_DATA TO PROCESS_
● ● ●

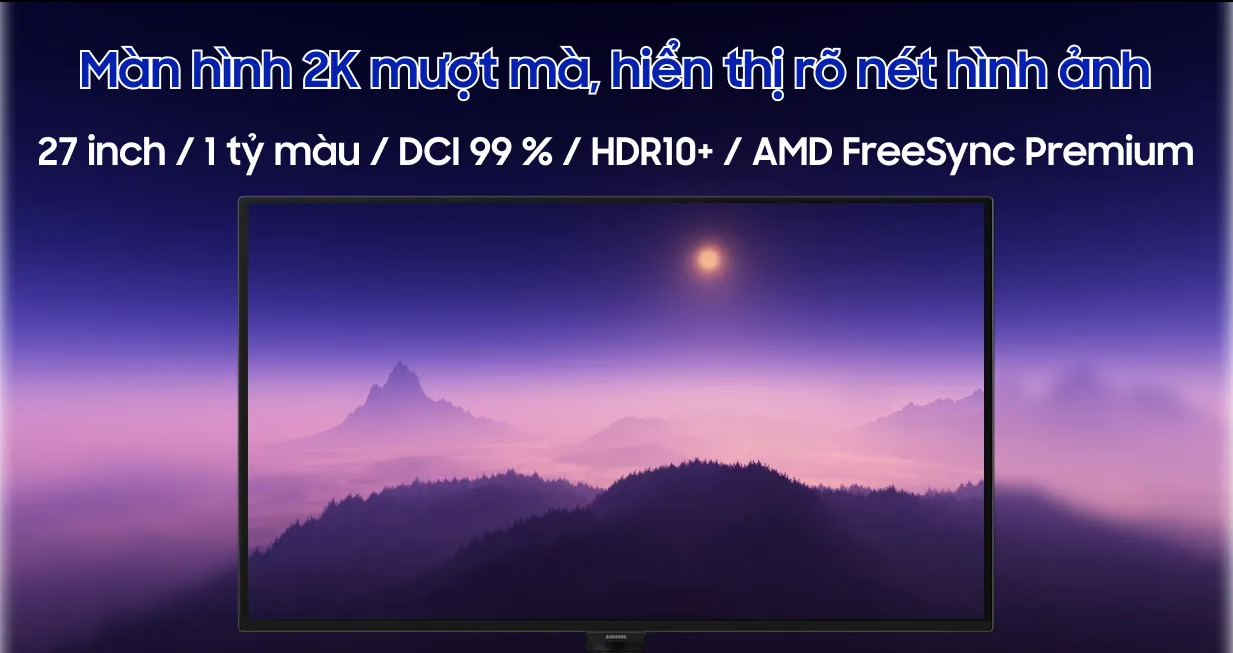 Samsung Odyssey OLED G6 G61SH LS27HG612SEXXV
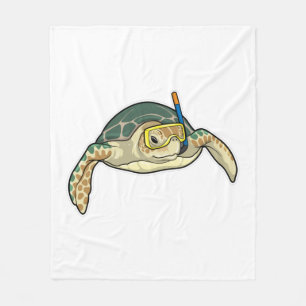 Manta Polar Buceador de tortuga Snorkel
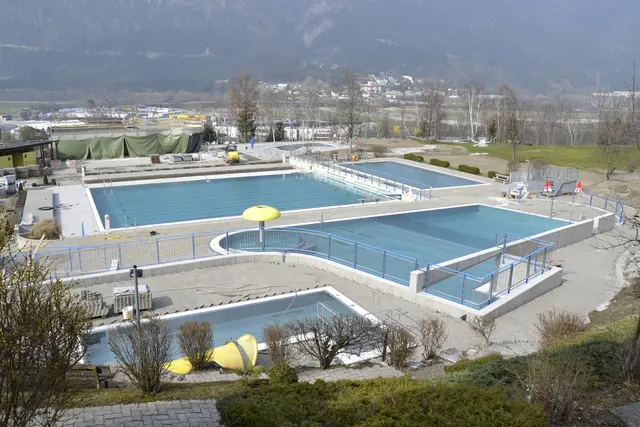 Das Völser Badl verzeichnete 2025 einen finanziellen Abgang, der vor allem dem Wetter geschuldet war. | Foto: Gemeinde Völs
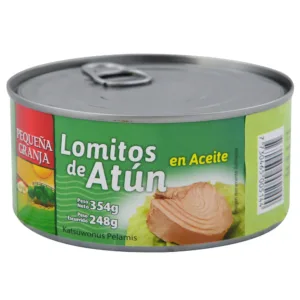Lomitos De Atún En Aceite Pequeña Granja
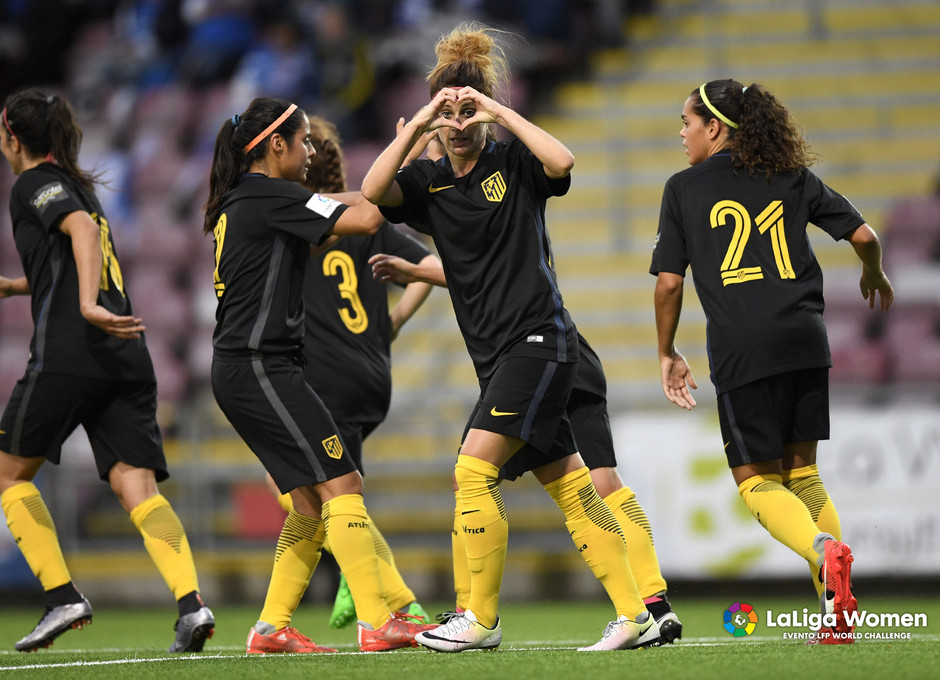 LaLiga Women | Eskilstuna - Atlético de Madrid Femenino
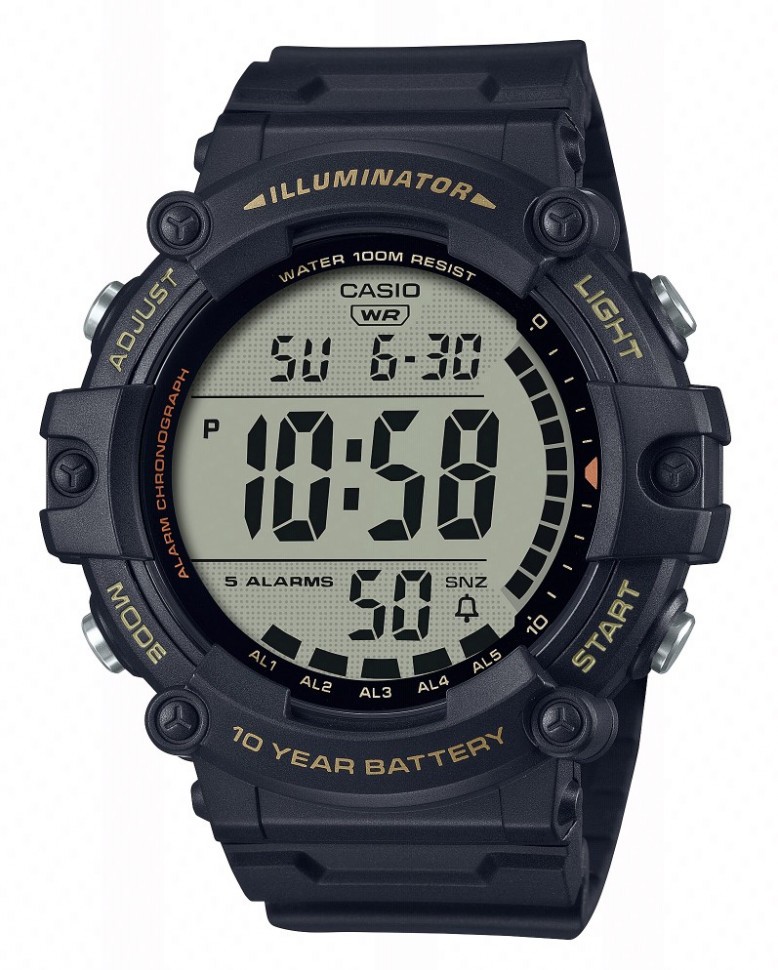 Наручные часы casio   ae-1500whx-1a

● ● ●

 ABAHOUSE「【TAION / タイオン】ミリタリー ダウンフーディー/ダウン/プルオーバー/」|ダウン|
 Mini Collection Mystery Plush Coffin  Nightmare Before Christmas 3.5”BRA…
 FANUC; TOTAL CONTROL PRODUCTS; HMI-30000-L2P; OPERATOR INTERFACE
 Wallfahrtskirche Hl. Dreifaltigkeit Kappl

● ● ●

_TASK INSTRUCTIONS_
Leaving each picture behind, please give again exactly the lines above from the one with "Samsung Odyssey OLED G6 G61SH LS27HG612SEXXV" through the one with "Наручные часы casio", both included, and no others.

_SOLUTION_
 Samsung Odyssey OLED G6 G61SH LS27HG612SEXXV
 Manta Polar Buceador de tortuga Snorkel
 Das Völser Badl verzeichnete 2025 einen finanziellen Abgang, der vor allem dem Wetter geschuldet war. | Foto: Gemeinde Völs
Lomitos De Atún En Aceite Pequeña Granja
 LaLiga Women | Eskilstuna - Atlético de Madrid Femenino
 Наручные часы casio   ae-1500whx-1a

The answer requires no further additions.